This is an example of a configurable neural network.
The dataset I've tested is the popular MNIST digits dataset.
By configurable I mean that you can set how many hidden layers the model should have and specify the amount of nodes on each layer.
The sigmoid is the activation function.
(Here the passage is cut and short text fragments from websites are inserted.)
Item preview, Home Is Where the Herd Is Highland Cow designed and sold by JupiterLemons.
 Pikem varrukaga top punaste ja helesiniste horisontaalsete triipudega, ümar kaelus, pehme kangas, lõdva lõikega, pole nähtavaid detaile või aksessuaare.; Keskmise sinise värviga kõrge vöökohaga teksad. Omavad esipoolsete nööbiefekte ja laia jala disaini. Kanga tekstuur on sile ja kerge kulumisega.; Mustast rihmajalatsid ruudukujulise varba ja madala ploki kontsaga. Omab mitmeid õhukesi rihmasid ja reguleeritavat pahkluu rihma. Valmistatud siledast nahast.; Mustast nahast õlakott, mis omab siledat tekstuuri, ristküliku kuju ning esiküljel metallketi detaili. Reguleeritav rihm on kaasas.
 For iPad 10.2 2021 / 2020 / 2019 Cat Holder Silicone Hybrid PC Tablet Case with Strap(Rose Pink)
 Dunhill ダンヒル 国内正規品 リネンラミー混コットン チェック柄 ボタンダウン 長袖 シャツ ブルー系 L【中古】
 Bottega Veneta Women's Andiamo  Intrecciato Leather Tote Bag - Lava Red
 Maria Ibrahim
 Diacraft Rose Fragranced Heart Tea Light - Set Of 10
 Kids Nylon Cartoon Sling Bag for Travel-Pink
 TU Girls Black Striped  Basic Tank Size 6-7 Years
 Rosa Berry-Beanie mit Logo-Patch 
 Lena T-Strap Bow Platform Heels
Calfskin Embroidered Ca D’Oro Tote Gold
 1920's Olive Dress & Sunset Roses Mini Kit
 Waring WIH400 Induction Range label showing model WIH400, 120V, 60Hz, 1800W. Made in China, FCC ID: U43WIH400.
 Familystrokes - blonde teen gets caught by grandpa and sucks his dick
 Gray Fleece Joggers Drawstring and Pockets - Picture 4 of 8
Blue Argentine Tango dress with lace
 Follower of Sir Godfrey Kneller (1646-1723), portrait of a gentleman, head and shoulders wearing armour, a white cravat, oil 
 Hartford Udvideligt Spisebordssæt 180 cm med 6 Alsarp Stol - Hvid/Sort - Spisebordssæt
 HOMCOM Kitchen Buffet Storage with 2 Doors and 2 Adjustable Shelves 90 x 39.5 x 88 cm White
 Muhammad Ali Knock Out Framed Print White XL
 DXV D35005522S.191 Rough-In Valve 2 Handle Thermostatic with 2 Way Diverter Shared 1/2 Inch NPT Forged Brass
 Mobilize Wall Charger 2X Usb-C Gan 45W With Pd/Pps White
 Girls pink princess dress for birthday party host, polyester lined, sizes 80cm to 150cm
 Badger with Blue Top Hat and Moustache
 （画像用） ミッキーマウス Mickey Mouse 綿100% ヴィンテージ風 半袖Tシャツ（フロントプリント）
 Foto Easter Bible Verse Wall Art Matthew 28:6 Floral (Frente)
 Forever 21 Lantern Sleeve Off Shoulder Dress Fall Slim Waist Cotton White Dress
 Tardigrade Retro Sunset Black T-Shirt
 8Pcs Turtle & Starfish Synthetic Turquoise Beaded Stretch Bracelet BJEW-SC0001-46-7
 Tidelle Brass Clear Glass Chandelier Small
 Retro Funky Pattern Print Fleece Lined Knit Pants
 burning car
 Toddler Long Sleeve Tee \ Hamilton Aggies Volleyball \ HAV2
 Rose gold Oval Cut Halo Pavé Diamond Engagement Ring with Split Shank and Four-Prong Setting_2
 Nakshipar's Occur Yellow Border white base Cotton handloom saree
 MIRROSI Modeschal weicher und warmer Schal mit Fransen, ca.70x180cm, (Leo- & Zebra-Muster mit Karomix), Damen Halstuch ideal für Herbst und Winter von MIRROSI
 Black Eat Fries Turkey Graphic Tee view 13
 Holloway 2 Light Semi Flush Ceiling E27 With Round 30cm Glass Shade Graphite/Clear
I will implement ReLU in a future repository.
Right now, I haven't found that much of an improvement by incorporating more than one hidden layer.
I also observed that the number of layers should thin out, otherwise it wont train that well.
For a 784 - 50 - 20 - 10
neural net I've got 95.13% accuracy at 7 epochs, while a 784 - 500 - 10
gets a 97.32% at 5 epochs (the 700 - 300 - 10
neural network here has better performance).
Both used the sigmoid.
Performance of the 784 - 50 - 20 - 10, lr = 0.01
neural network by epochs.
Performance of the 784 - 500 - 10, lr = 0.12
neural network by epochs.
I've also included a pytorch version which starts to gain significant speed as we increase the number of weights.
For a 784 - 500 - 10 neural network, one epoch:
- CPU time 1m 7s (AMD Ryzen 5 3600G)
- GPU time 40s (RTX 3060)
Considering scaling on larger datasets, a GPU definitely is worth using.